以下は主に小中学生のトップ層についての話です。

わたしが彼らの指導をしていてときどき感じることに、「日本語の語彙不足」があります。

「日本語の語彙不足」というのは、要するに試験に書いてある言葉の意味が十分に理解できていないケースがちょくちょくあるということです。
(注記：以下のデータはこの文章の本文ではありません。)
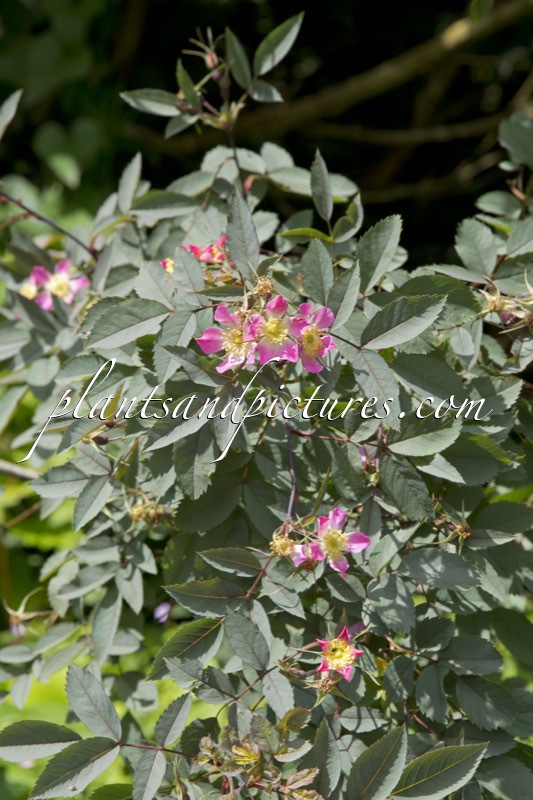 Rosa glauca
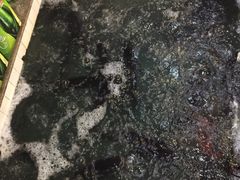 -旭龙鱼头王(航华店)
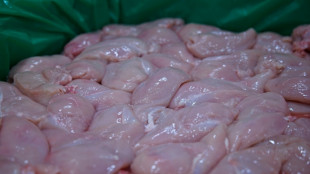 Eine Tonne ungek&uuml;hltes H&auml;hnchenfleisch in Nordrhein-Westfalen beschlagnahmt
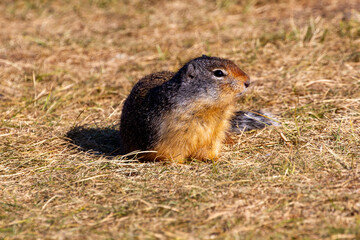 Ground squirrel in the dry grass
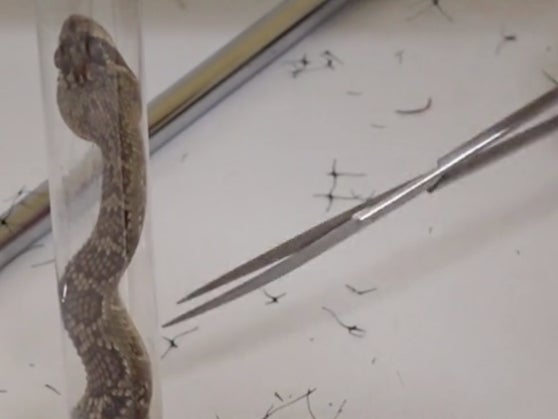 Bryan Hughes freeing a rattlesnake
もちろん彼らは、同学年の平均的な生徒より知識はあります。

語彙力もあります。

そうであればこその「トップ層」です。

しかしながら、彼らを指導していて「あれ、この言葉、知らないの?」ということは珍しくありません。

例えば「 」内にあるようなこういう言葉です。

 

彼は彼女からの問いかけに「おずおずと」返答をした。

彼女は彼の答えに「失笑」を漏らした。

Aの様子は、漁師としてようやく「板についてきた」。

 

これらはいずれも、高校入試問題の国語にあるものです。

つまり、出題者としては、「中3生なら、この程度のことは知っておいてほしい」という願望があるわけです。

これらには(※注)が付いていません。

ところが、トップ層という中学生でも上で紹介したような言葉は、「どこかで聞いたことはあるが、実はよく知らない」ということがあります。

そういう言葉は、国語の解答の際、理解のカギになっていたりします。